Today, because we’re living
in the #MeToo era, we’re well accustomed to seeing powerful men indulge
themselves by making the women around them bend to their will. In The Favourite, by Yorgos Lanthimos, who
had previously amused and puzzled filmgoers with The Lobster, #MeToo is stood on its head. The film’s chief female
characters are anything but helpless victims. Instead, the eighteenth-century
women played by Rachel Weisz and Emma Stone are rude, crude, and very much on
the make. No shrinking violets, they gravitate toward power, and know how to
use sexuality (as well as belligerence and guile) in order to get it. Unfortunately
for them, each is determined to replace the other, in a struggle that becomes
increasingly grizzly as the film wears on.
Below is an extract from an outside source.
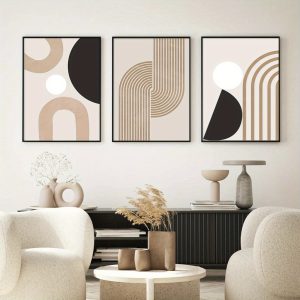 Minimalist Abstract Line Posters Geometric Wall Art Canvas Painting Living Room Modern Home Decoration 50 x 70 cm x 3 Frameless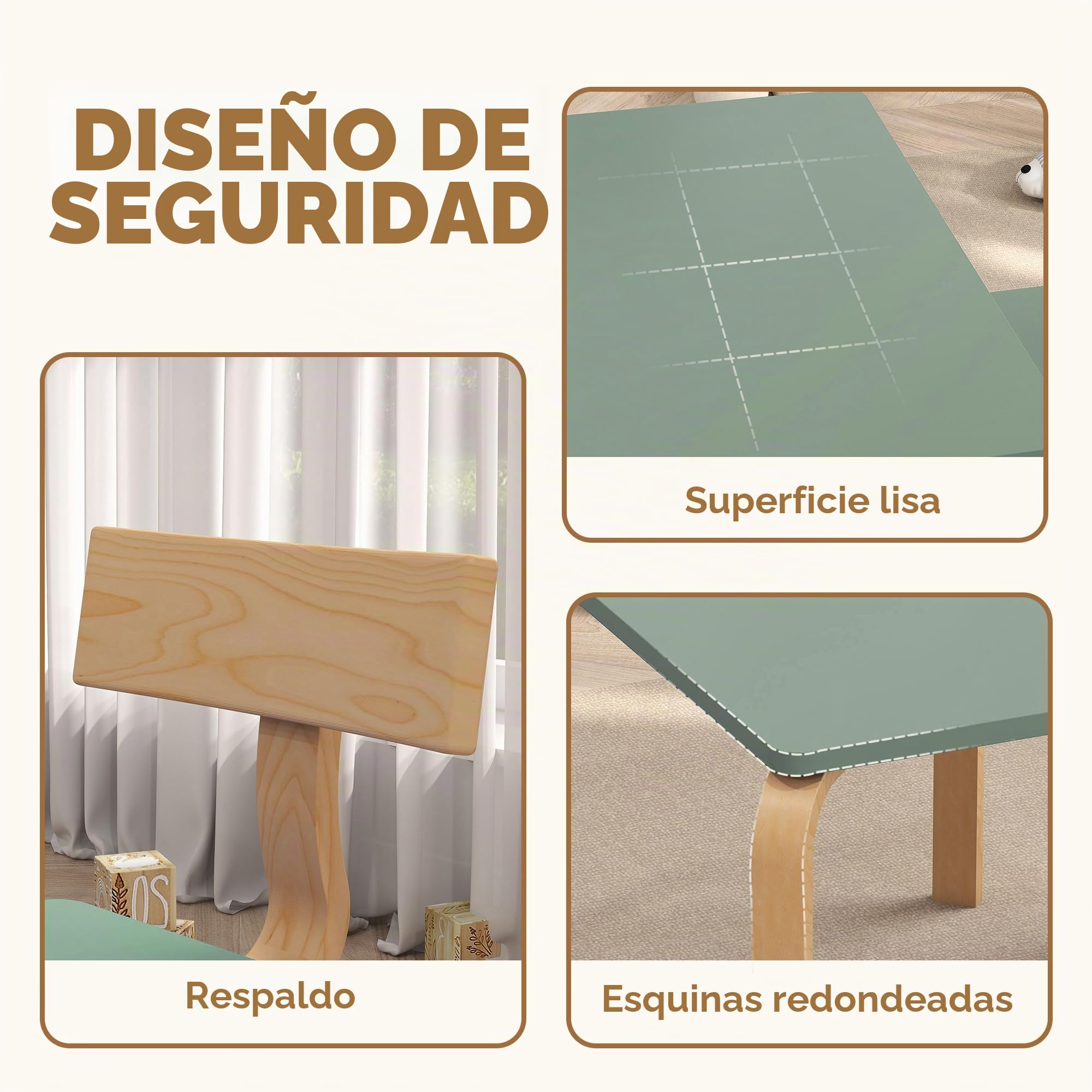 AIYAPLAY Mesa Infantil con Silla, Set de Mesa y 2 sillas de Madera para Dibujar, Jugar, estudiar, Regalo para niñas niños 3-8 años, para Cuarto de Juegos, Dormitorio, guardería, Verde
How curious that their target
is not only another woman but one of royal birth. The historical record tells
us that Queen Anne of Great Britain, the
last monarch of the Stuart line, was fated by circumstance to not have an easy
time on the throne. By 1702, when her twelve-year reign began, she had lost a
beloved husband to smallpox and buried seventeen young children, many of whom
were stillborn. Badly afflicted with gout, Anne suffered great pain. As
portrayed in the movie by the impressive Olivia Colman, she was a vain and
indecisive woman, easy prey for the domineering Lady Sarah Churchill (Rachel
Weisz), who advanced her husband’s military career and her own social standing
by effectively making policy on Anne’s behalf.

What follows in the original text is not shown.